Just posted: A near-final draft of my latest paper, Big Data: Destroyer of Informed Consent. It will appear later this year in a special joint issue of the Yale Journal of Health Policy, Law, and Ethics and the Yale Journal of Law and Technology.
Here’s the tentative abstract (I hate writing abstracts):
The ‘Revised Common Rule’ took effect on January 21, 2019, marking the first change since 2005 to the federal regulation that governs human subjects research conducted with federal support or in federally supported institutions. The Common Rule had required informed consent before researchers could collect and use identifiable personal health information. While informed consent is far from perfect, it is and was the gold standard for data collection and use policies; the standard in the old Common Rule served an important function as the exemplar for data collection in other contexts.
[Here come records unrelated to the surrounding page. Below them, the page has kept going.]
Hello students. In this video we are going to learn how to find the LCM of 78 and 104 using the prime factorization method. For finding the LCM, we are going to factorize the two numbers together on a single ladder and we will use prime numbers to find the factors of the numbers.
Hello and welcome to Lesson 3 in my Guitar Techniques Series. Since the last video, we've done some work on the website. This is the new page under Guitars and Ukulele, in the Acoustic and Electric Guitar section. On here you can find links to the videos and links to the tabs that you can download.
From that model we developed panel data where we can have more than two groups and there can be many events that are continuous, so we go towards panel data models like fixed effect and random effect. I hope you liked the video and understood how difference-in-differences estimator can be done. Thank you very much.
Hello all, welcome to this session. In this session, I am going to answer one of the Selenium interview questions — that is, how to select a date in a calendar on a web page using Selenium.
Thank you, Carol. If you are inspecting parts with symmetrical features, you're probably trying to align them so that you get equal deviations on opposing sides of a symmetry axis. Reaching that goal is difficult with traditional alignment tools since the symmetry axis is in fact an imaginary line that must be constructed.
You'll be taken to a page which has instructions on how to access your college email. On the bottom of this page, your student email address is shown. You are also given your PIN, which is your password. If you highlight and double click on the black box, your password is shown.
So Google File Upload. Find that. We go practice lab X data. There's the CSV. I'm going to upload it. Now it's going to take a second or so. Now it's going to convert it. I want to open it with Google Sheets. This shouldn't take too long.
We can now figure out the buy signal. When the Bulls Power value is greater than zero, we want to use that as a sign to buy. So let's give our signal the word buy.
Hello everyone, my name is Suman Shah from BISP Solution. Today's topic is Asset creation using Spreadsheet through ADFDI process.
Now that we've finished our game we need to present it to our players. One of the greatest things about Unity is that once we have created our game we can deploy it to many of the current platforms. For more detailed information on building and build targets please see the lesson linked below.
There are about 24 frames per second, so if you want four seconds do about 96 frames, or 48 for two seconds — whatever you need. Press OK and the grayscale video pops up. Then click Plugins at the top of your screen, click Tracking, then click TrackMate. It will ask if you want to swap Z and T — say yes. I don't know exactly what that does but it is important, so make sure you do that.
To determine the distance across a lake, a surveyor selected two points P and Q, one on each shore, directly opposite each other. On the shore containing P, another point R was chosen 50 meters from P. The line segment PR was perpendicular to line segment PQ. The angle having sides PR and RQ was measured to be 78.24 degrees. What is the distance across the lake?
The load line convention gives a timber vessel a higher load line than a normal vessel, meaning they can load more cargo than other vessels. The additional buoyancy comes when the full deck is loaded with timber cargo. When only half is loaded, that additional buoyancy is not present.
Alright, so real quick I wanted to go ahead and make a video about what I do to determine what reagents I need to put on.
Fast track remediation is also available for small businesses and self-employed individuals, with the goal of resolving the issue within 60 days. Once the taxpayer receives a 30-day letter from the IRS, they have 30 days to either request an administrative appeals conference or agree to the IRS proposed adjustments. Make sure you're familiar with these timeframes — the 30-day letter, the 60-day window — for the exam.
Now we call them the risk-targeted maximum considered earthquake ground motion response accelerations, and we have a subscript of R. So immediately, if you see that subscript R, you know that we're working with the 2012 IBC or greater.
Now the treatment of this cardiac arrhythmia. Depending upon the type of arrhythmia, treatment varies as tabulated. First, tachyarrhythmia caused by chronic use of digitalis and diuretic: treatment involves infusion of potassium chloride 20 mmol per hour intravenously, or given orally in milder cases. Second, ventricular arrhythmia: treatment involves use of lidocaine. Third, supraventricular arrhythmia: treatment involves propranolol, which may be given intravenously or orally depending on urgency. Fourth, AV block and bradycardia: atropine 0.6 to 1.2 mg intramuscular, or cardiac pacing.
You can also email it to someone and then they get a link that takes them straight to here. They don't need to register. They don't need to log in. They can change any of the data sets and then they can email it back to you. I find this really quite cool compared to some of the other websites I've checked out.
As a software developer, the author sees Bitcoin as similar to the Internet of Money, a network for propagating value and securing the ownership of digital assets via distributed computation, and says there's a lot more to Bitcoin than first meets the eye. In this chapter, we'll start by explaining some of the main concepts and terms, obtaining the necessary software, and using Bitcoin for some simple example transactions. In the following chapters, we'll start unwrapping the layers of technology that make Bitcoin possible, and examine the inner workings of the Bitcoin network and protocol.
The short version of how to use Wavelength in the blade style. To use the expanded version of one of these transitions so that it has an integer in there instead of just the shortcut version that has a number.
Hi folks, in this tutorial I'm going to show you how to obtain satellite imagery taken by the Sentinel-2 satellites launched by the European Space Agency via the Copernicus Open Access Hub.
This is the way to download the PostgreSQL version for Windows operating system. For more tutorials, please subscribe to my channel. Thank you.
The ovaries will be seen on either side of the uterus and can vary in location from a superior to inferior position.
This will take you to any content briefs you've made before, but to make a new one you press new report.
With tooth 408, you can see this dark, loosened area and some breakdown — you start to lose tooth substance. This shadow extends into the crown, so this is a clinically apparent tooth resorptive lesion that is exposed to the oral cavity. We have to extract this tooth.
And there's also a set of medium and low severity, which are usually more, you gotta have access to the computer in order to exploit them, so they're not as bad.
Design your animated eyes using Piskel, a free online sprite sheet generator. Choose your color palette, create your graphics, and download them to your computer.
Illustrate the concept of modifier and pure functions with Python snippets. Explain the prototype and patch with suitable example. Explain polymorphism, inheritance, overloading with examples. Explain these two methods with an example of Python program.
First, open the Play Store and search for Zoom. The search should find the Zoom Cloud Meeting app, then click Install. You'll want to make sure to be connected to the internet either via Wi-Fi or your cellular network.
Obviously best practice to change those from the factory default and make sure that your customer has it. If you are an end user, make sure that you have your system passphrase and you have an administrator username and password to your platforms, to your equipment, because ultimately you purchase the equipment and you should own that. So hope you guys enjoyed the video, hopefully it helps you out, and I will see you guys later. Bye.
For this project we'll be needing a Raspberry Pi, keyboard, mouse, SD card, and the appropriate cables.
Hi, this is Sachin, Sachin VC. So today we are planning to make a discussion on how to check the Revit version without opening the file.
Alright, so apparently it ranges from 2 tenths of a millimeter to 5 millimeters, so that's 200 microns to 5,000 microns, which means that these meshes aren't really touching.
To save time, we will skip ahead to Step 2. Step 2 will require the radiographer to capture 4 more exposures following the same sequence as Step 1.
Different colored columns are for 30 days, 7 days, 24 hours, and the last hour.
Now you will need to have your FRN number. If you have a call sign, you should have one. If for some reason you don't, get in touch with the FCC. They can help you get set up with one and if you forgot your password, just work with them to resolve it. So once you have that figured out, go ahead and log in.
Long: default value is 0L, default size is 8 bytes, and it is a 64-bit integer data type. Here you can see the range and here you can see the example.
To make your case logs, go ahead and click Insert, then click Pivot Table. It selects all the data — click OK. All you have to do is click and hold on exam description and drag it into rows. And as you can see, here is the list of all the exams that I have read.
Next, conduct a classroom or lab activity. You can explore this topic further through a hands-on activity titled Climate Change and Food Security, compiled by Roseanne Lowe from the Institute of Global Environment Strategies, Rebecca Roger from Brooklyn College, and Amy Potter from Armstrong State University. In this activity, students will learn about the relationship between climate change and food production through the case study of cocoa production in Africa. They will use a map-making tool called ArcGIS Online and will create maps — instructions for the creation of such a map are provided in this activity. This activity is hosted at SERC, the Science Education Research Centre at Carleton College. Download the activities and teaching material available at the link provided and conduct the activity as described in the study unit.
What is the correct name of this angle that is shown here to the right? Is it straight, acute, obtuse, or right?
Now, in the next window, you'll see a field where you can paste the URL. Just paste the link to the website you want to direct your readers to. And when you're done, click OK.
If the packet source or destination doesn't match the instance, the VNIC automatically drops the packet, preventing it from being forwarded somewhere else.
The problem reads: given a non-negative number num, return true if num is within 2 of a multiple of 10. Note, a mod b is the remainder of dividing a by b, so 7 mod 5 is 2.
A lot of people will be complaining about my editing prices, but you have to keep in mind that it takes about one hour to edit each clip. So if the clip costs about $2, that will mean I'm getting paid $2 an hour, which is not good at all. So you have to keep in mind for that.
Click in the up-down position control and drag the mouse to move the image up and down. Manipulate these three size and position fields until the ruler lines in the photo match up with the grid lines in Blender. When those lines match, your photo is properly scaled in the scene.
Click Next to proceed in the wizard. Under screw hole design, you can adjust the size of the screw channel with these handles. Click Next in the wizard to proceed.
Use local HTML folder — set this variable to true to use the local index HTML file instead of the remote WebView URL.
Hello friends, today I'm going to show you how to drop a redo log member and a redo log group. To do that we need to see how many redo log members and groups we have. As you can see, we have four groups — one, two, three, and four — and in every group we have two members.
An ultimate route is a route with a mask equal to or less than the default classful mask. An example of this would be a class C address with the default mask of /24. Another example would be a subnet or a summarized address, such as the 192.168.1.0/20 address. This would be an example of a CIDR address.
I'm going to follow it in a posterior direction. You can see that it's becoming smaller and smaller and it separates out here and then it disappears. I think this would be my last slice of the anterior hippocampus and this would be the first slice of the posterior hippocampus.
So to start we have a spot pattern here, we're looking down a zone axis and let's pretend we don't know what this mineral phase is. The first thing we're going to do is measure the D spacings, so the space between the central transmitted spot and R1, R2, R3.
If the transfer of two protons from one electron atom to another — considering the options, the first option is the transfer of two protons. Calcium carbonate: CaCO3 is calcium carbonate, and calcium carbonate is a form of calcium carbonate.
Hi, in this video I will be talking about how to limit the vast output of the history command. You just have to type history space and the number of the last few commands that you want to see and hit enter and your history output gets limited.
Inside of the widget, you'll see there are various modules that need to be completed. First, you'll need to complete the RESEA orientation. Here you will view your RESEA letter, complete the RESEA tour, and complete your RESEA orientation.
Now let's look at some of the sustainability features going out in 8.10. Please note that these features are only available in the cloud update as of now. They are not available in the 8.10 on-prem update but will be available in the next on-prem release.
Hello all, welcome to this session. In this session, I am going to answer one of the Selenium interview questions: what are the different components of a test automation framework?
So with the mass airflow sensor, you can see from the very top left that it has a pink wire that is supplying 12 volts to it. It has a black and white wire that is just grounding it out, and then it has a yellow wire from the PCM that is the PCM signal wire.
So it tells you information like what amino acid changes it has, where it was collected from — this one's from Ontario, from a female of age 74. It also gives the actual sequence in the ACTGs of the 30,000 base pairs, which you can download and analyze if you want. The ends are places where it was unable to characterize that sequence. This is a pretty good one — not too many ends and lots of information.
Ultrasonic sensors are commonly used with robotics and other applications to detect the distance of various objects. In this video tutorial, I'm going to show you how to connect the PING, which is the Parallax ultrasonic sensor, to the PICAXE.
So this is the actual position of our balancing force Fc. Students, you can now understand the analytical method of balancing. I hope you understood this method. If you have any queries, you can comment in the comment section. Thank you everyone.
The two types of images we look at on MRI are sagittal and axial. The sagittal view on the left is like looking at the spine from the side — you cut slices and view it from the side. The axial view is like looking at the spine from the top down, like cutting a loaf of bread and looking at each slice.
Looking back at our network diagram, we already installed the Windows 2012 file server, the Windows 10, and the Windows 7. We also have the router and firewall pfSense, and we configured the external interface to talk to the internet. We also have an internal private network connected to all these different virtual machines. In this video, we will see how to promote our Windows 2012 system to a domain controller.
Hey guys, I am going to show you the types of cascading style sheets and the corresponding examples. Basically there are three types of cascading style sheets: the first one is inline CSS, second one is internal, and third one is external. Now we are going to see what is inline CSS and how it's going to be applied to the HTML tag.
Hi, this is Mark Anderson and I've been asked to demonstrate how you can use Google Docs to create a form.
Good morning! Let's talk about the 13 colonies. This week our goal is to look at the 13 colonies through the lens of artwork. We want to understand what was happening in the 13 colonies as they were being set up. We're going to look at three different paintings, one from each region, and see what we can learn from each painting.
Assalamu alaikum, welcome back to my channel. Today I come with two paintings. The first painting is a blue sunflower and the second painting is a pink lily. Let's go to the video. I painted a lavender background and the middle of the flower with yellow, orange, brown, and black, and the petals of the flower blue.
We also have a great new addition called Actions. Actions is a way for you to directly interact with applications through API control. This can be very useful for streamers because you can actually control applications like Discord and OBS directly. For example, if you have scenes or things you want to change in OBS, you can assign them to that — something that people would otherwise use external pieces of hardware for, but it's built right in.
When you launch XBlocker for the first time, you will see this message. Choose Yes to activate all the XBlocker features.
Unfortunately, true informed consent seems incompatible with modern analytics and ‘Big Data’. Modern analytics hold out the promise of finding unexpected correlations in data; it follows that neither the researcher nor the subject may know what the data collected will be used to discover. In such cases, traditional informed consent in which the researcher fully and carefully explains study goals to subjects is inherently impossible. In response, the Revised Common Rule introduces a new, and less onerous, form of “broad consent” in which human subjects agree to as varied forms of data use and re-use as researchers’ lawyers can squeeze into a consent form. Broad consent paves the way for using identifiable personal health information in modern analytics. But these gains for users of modern analytics come with side-effects, not least a substantial lowering of the aspirational ceiling for other types of information collection, such as in commercial genomic testing.
Continuing improvements in data science also cause a related problem, in that data thought by experimenters to have been de-identified (and thus subject to more relaxed rules about use and re-use) sometimes proves to be re-identifiable after all. The Revised Common Rule fails to take due account of real re-identification risks, especially when DNA is collected. In particular, the Revised Common Rule contemplates storage and re-use of so-called de-identified biospecimins even though these contain DNA that might be re-identifiable with current or foreseeable technology.
Defenders of these aspects of the Revised Common Rule argue that ‘data saves lives’. But even if that claim is as applicable as its proponents assert, the effects of the Revised Common Rule will not be limited to publicly funded health sciences, and its effects will be harmful elsewhere.
This is my second foray into the deep waters where AI meets Health Law. Plus it’s well under 50 pages! (First foray here; somewhat longer.)